INSTRUCTIONS FOR THE TASK
Skip all pictures; return exactly the lines from the one containing "Raichu, Temporal Forces" through the end of the data.

INFORMATION SUPPLIED
※ ※ ※
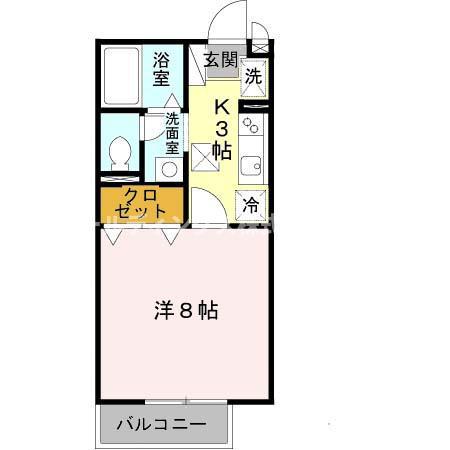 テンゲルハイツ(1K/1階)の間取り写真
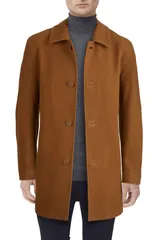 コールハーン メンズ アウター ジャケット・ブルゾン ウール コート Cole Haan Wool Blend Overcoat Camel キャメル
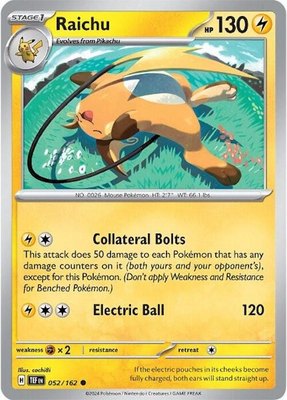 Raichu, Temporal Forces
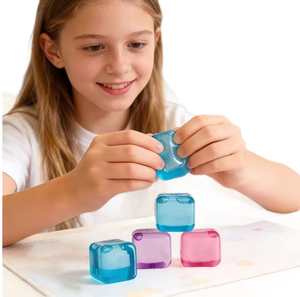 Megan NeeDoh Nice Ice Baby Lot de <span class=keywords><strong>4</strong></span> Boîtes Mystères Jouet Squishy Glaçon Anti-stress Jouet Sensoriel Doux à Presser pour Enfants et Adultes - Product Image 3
※ ※ ※
RESULT
 Raichu, Temporal Forces
 Megan NeeDoh Nice Ice Baby Lot de <span class=keywords><strong>4</strong></span> Boîtes Mystères Jouet Squishy Glaçon Anti-stress Jouet Sensoriel Doux à Presser pour Enfants et Adultes - Product Image 3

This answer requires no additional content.